My friend’s baby is ugly. Like, burn the baby photos, avert your eyes ugly. Obviously I haven’t told her this, but the other day she said something that sort of implied she knew it. Like she was fishing for me to admit she had an ugly baby. I skirted around it (awkwardly), but what do I do if she presses, or asks outright? I’m a terrible liar.
-DEAR GOD, IT’S A MONSTER
Whatever you do, don’t tell her the truth.
I once had a friend in college who didn’t exist in family photos until she was 6. Her mom loved her, and she saved the pictures, but she didn’t want her daughter to accidentally come across them. When the daughter finally insisted, at 16, that she be allowed to see them, she actually burst into tears. Mom knew: Sometimes it really is just that bad.
So rest assured: Your friend almost certainly knows already. Even the most loving mom is usually aware when her baby looks like cubism.
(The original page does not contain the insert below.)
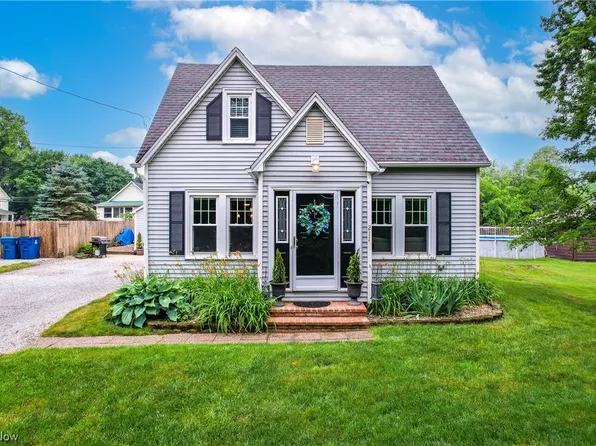 211 Erie Ave, Hartville, OH 44632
She just loves the baby anyway.
But that doesn’t necessarily mean she wants to hear you say it.
She might be testing the waters with you so that she can lovingly talk about her ugly baby‘s ugliness with someone who won’t look at her like she’s a soulless horror (for her to say her own baby is ugly is risky after all; moms are put up on unrealistic pedestals all the time). She might also be looking for someone to tell her she’s wrong. Which of those is likelier depends entirely on your friend.
If you’re really, really certain she’s the kind of sarcastic person who would call out her own infant, you could tentatively agree (something along the lines of, “She’ll grow into her features”), but that is a seriously risky bet. I’d stop being friends with someone who called my cat ugly.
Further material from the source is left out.